Promising Practice: Indigenous Dialogue Circles – AMSSA
Credit: Pathways to Prosperity Canada
Promising Practice: Indigenous Dialogue Circles
Organizations: Affiliation of Multicultural Societies and Service Agencies of BC (AMSSA)
Project Title: Sharing Settlement and Integration Practices that Work
Pathways to Prosperity has been contracted by Immigration, Refugees and Citizenship Canada (IRCC) to share innovative promising practices in immigrant settlement and integration with an empirical basis for their effectiveness. To date we have produced 31 videos and briefs for this purpose, and over the next five years we will be producing an additional 34 videos and accompanying briefs on promising practices, targeting a range of service areas, providers, and client groups.

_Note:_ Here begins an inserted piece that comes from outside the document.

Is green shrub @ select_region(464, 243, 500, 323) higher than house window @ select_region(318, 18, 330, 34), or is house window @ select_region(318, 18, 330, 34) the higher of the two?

Promising practices are innovative practices that have an objective basis for claiming effectiveness in achieving their stated aims and have the potential for replication. Thus, promising practices are defined in terms of their innovation and effectiveness, which can be empirically measured as successful outcomes of the practices. Our approach focuses not only on identifying truly promising practices, but on analyzing and sharing key features that can be replicated. Promising practices may have faced challenges in their initial implementation, and these challenges are also considered and analyzed so that others can learn from these experiences.
The project is co-led by the Affiliation of Multicultural Societies and Service Agencies of BC (AMSSA). The Canadian Immigrant Settlement Sector Alliance (CISSA-ACSEI) and Ontario Council of Agencies Serving Immigrants (OCASI) are central partners.